» Entries provided
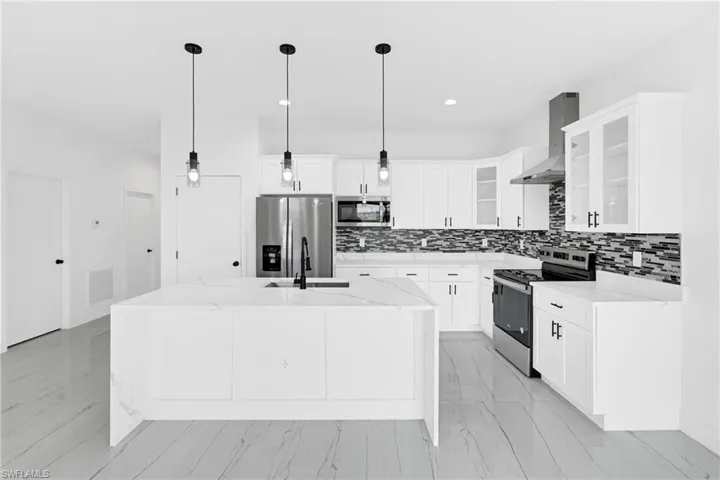 Modern kitchen featuring a waterfall-edge island with a built-in sink and pendant lighting, white cabinetry, a mosaic tile backsplash, and stainless steel appliances including a range hood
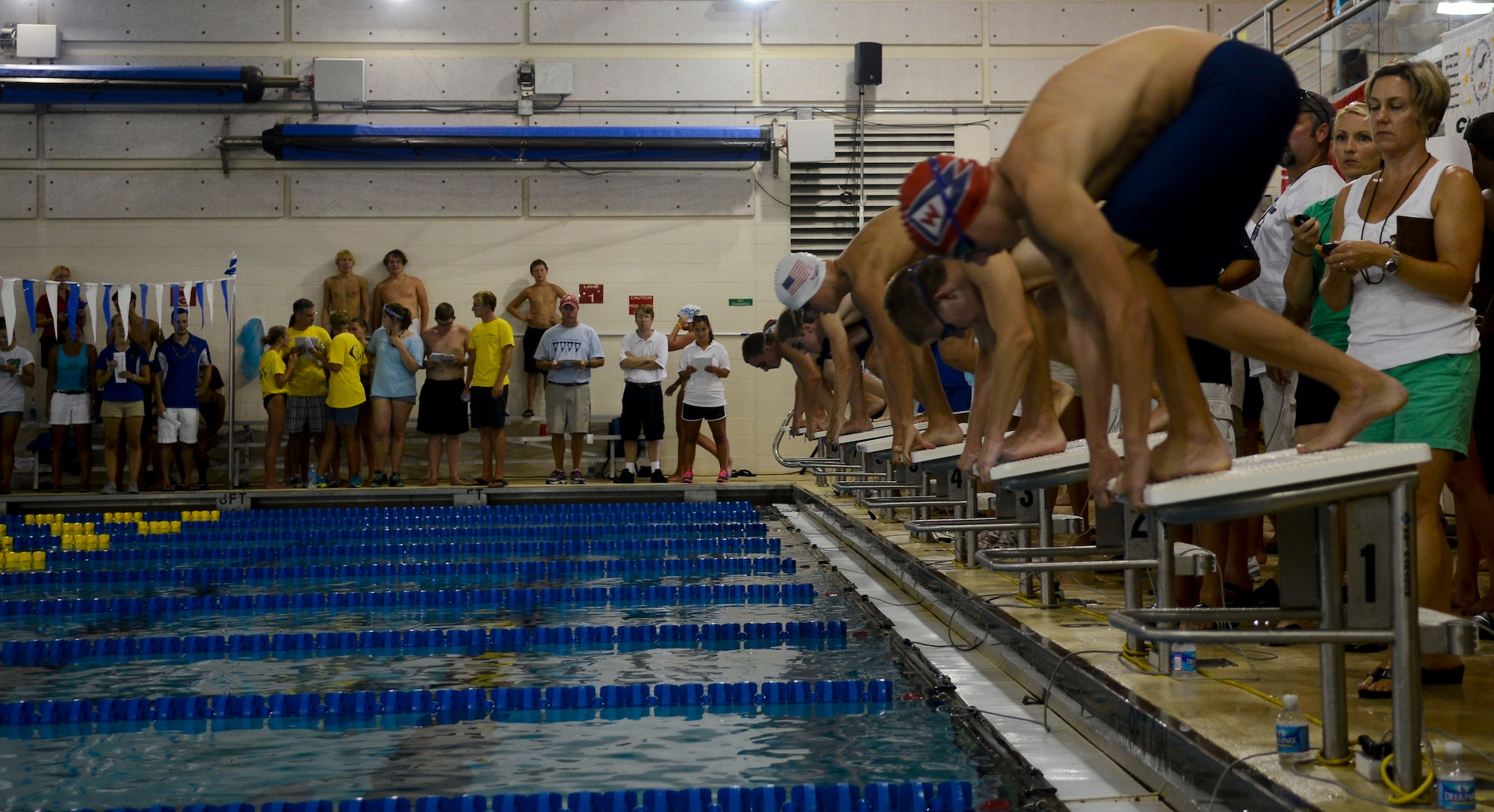 A group of swimmers ages 15 through 18 take their stances before a race, Aug. 3, 2013, at Fort Eustis, Va.  The Virginia Peninsula Swimming Union and Greater Peninsula Swimming Association championships are the aquatic center's largest events of the year. (U.S. Air Force photo by Airman 1st Class Austin Harvill/Released)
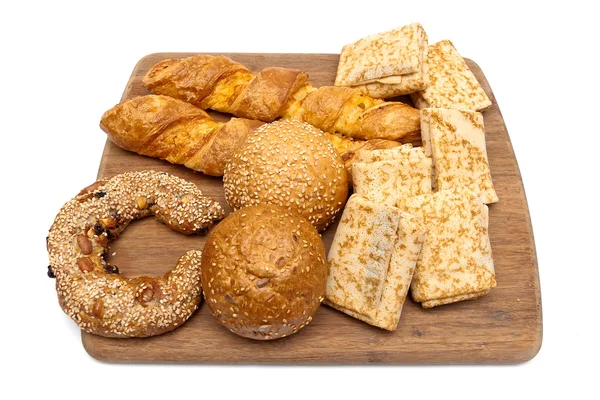 Baked goods and pancakes on a cutting board isolated on white ba — Stock Photo, Image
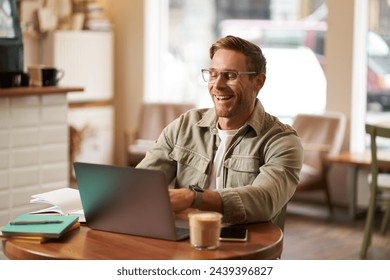 Image of young digital nomad, man in glasses sits in cafe, works from coffee shop, uses laptop in co-working space, wears glasses, drinks his beverage. - Powered by Shutterstock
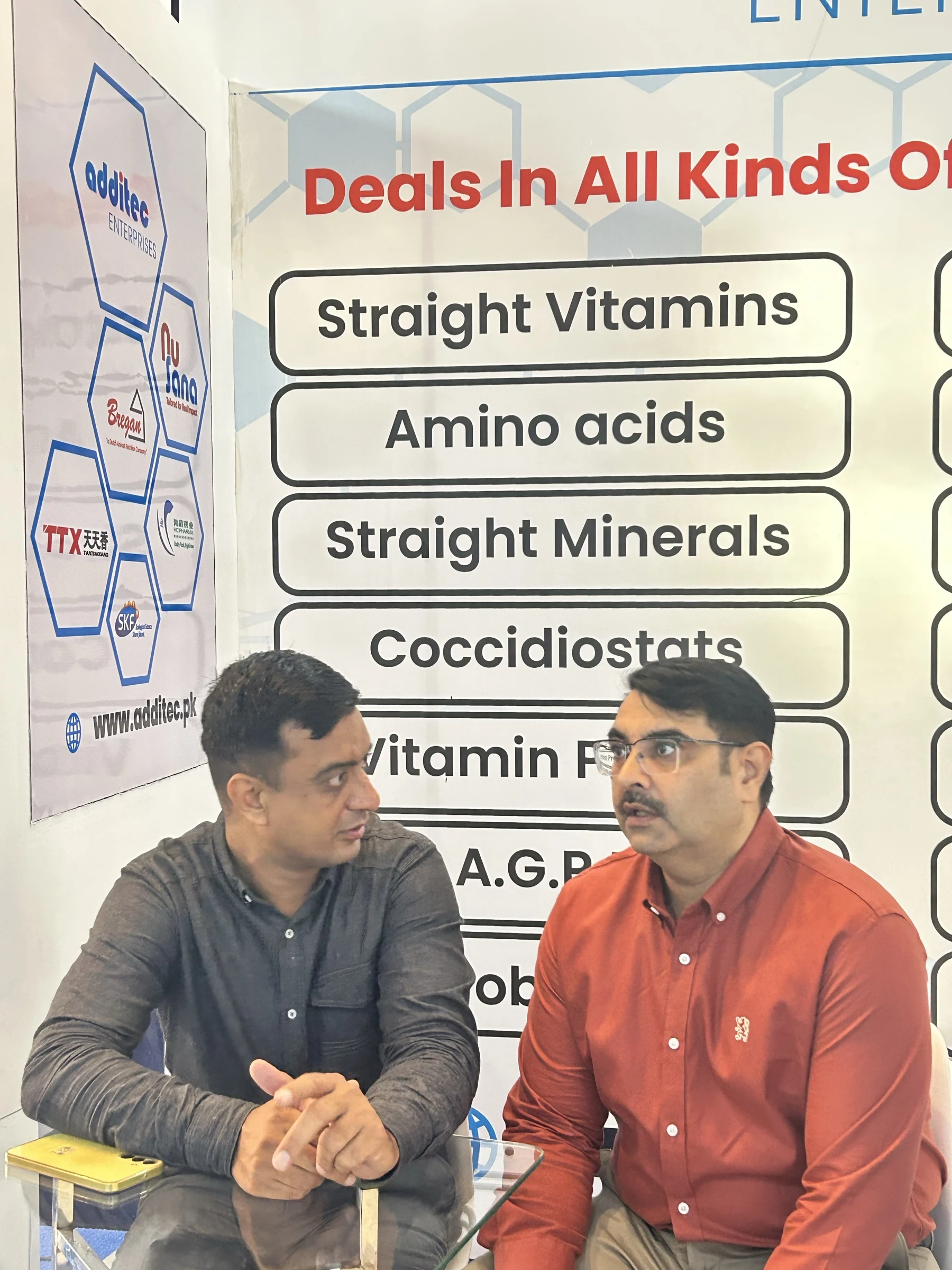 Two visitors in discussion at the Additec booth category boards during IPEX EXPO 2026 Day 01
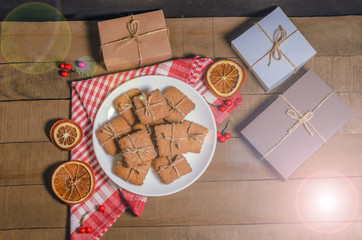 Biscuits, red napkin; gifts; Christmas decor with free space for text. Top view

» Directions for this task
What is needed is a word-for-word copy of the lines from the one containing "Two visitors in" through the final line of the records above, both included, with the pictures left out.

» Response below
 Two visitors in discussion at the Additec booth category boards during IPEX EXPO 2026 Day 01
 Biscuits, red napkin; gifts; Christmas decor with free space for text. Top view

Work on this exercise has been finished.